Exercise details ▸ From the entries below, copy every line that has the word "background".

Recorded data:
◆ ◆ ◆

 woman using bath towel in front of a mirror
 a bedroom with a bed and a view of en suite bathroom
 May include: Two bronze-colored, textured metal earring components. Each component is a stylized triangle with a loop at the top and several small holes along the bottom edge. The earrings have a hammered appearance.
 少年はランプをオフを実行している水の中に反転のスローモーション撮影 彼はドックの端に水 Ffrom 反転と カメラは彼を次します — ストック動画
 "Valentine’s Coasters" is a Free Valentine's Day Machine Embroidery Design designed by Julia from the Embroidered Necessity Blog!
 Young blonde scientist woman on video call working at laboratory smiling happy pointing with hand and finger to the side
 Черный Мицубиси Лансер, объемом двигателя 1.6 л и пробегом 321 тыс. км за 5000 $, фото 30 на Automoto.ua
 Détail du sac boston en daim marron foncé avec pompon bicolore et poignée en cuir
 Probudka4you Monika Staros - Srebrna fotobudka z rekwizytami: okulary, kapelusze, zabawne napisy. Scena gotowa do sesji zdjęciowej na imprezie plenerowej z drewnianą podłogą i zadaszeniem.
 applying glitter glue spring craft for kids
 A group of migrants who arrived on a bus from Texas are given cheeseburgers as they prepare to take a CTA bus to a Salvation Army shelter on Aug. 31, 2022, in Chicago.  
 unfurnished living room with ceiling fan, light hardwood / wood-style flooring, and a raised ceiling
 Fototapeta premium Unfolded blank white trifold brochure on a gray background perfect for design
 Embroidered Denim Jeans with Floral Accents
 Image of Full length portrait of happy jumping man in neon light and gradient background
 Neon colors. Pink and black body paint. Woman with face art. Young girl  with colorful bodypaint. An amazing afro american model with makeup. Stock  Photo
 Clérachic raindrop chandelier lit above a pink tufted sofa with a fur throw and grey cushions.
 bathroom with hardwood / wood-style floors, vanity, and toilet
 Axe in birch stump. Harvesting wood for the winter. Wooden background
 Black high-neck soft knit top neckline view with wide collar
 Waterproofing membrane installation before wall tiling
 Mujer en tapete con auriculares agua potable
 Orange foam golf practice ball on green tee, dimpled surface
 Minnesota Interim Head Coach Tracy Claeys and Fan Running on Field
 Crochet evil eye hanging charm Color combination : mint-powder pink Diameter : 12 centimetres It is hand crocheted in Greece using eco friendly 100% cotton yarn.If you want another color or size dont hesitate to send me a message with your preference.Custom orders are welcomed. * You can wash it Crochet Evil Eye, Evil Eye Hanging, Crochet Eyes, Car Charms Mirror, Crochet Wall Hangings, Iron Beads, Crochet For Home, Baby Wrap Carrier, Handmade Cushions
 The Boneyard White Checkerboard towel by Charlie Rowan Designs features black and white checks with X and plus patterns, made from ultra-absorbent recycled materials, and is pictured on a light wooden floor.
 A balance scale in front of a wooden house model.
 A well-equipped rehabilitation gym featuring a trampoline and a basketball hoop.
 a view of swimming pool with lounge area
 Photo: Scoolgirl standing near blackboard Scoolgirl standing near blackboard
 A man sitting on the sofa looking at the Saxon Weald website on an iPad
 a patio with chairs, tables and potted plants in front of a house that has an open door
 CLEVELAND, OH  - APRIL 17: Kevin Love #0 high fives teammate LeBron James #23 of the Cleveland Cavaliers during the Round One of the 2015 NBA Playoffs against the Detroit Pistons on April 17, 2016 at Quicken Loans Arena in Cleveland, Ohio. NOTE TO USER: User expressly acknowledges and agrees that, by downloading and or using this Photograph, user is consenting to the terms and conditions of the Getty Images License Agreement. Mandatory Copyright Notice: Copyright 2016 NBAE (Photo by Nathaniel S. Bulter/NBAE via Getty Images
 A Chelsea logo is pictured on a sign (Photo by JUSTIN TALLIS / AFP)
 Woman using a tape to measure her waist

◆ ◆ ◆

Solved problem ▸
 Fototapeta premium Unfolded blank white trifold brochure on a gray background perfect for design
 Image of Full length portrait of happy jumping man in neon light and gradient background
 Axe in birch stump. Harvesting wood for the winter. Wooden background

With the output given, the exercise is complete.